Loading lesson…
Real datasets have holes. Blank cells, NaN, NULL, -999, and the dreaded empty string. Learning to see them is a core skill.
In a perfect world, every row would have every column filled in. In reality, datasets are full of gaps. A survey respondent skipped a question. A sensor cut out for three seconds. A database migration dropped a field. All of this creates missing data.
import pandas as pd
import numpy as np
df = pd.read_csv('survey.csv', na_values=['-999', 'N/A', 'unknown'])
# How much is missing in each column?
print(df.isna().sum())
print(df.isna().mean()) # as a fraction
# Fill age with the median
df['age'] = df['age'].fillna(df['age'].median())
# Flag missingness before filling
df['income_was_missing'] = df['income'].isna()
df['income'] = df['income'].fillna(df['income'].median())Detecting and handling missing data in pandasThe big idea: missing data is not just absence, it is often information.

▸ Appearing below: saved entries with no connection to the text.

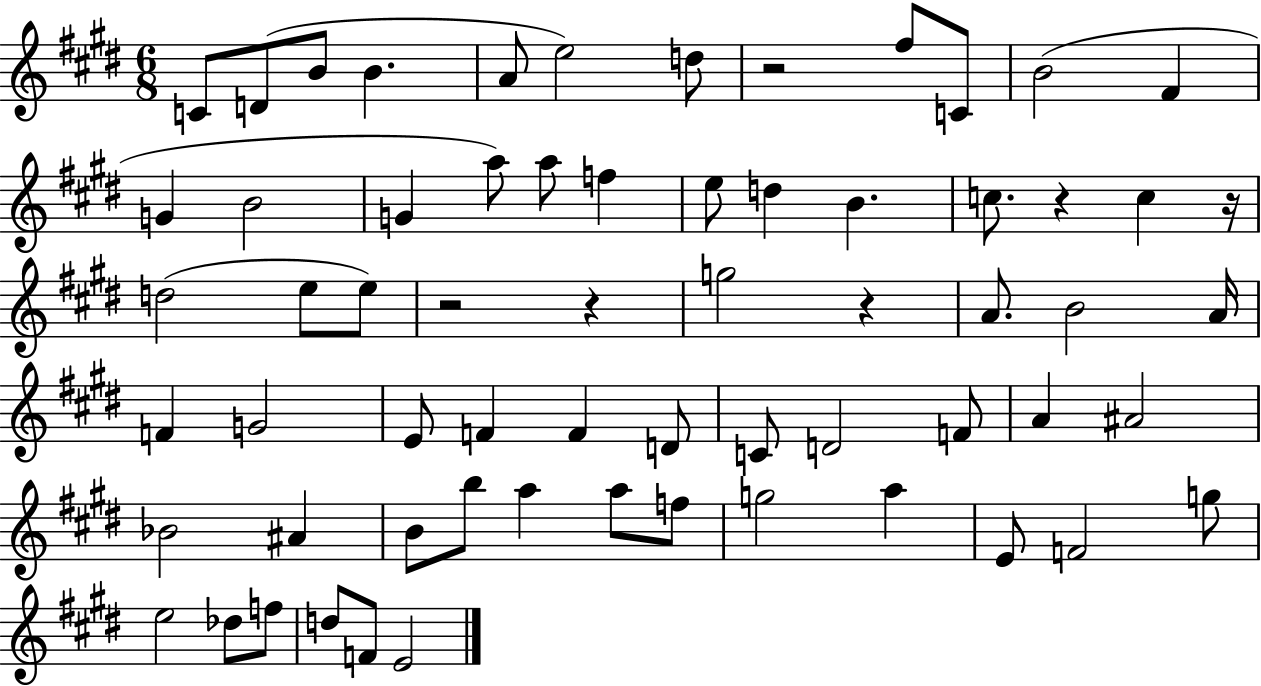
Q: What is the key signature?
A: E major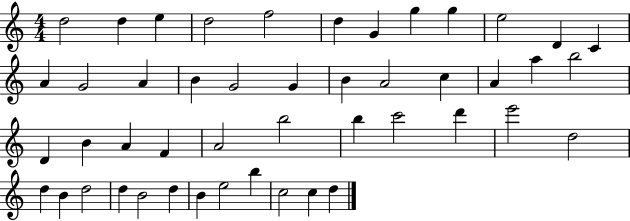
X:1
T:Untitled
M:4/4
L:1/4
K:C
d2 d e d2 f2 d G g g e2 D C A G2 A B G2 G B A2 c A a b2 D B A F A2 b2 b c'2 d' e'2 d2 d B d2 d B2 d B e2 b c2 c d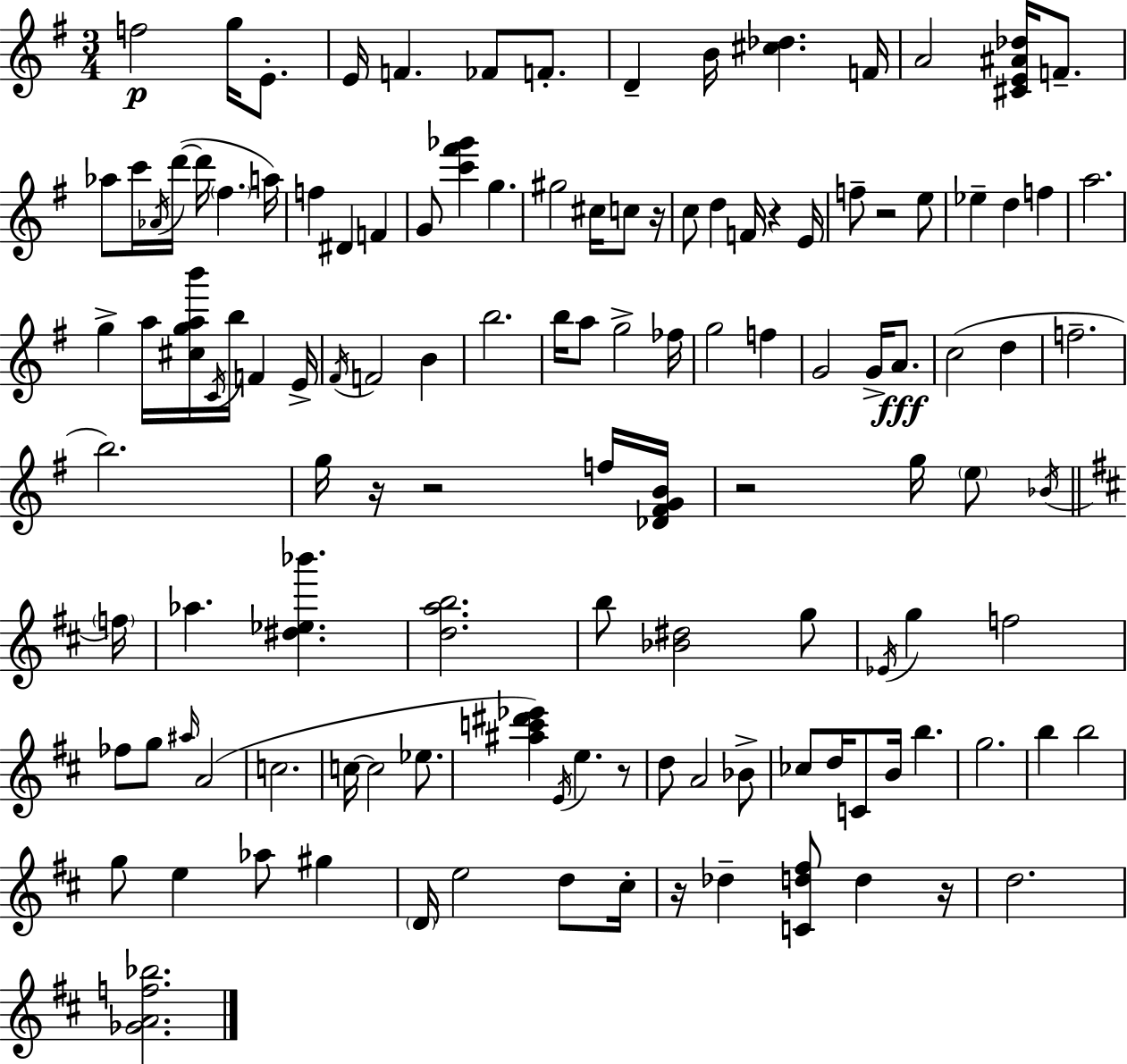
{
  \clef treble
  \numericTimeSignature
  \time 3/4
  \key e \minor
  f''2\p g''16 e'8.-. | e'16 f'4. fes'8 f'8.-. | d'4-- b'16 <cis'' des''>4. f'16 | a'2 <cis' e' ais' des''>16 f'8.-- | \break aes''8 c'''16 \acciaccatura { aes'16 }( d'''16~~ d'''16 \parenthesize fis''4. | a''16) f''4 dis'4 f'4 | g'8 <c''' fis''' ges'''>4 g''4. | gis''2 cis''16 c''8 | \break r16 c''8 d''4 f'16 r4 | e'16 f''8-- r2 e''8 | ees''4-- d''4 f''4 | a''2. | \break g''4-> a''16 <cis'' g'' a'' b'''>16 \acciaccatura { c'16 } b''16 f'4 | e'16-> \acciaccatura { fis'16 } f'2 b'4 | b''2. | b''16 a''8 g''2-> | \break fes''16 g''2 f''4 | g'2 g'16-> | a'8.\fff c''2( d''4 | f''2.-- | \break b''2.) | g''16 r16 r2 | f''16 <des' fis' g' b'>16 r2 g''16 | \parenthesize e''8 \acciaccatura { bes'16 } \bar "||" \break \key d \major \parenthesize f''16 aes''4. <dis'' ees'' bes'''>4. | <d'' a'' b''>2. | b''8 <bes' dis''>2 g''8 | \acciaccatura { ees'16 } g''4 f''2 | \break fes''8 g''8 \grace { ais''16 } a'2( | c''2. | c''16~~ c''2 | ees''8. <ais'' c''' dis''' ees'''>4) \acciaccatura { e'16 } e''4. | \break r8 d''8 a'2 | bes'8-> ces''8 d''16 c'8 b'16 b''4. | g''2. | b''4 b''2 | \break g''8 e''4 aes''8 | gis''4 \parenthesize d'16 e''2 | d''8 cis''16-. r16 des''4-- <c' d'' fis''>8 d''4 | r16 d''2. | \break <ges' a' f'' bes''>2. | \bar "|."
}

Treat every gap as a question, not an error.
15 questions · take it digitally for instant feedback at tendril.neural-forge.io/learn/quiz/end-data-missing-data
What is the core idea behind "Missing Data and How to Spot It"?
Which term best describes a foundational idea in "Missing Data and How to Spot It"?
A learner studying Missing Data and How to Spot It would need to understand which concept?
Which of these is directly relevant to Missing Data and How to Spot It?
Which of the following is a key point about Missing Data and How to Spot It?
What is one important takeaway from studying Missing Data and How to Spot It?
Which of these does NOT belong in a discussion of Missing Data and How to Spot It?
What is the key insight about "The many faces of missing" in the context of Missing Data and How to Spot It?
What is the key insight about "MNAR is sneaky" in the context of Missing Data and How to Spot It?
Which statement accurately describes an aspect of Missing Data and How to Spot It?
What does working with Missing Data and How to Spot It typically involve?
Which best describes the scope of "Missing Data and How to Spot It"?
Which section heading best belongs in a lesson about Missing Data and How to Spot It?
Which section heading best belongs in a lesson about Missing Data and How to Spot It?
Which of the following is a concept covered in Missing Data and How to Spot It?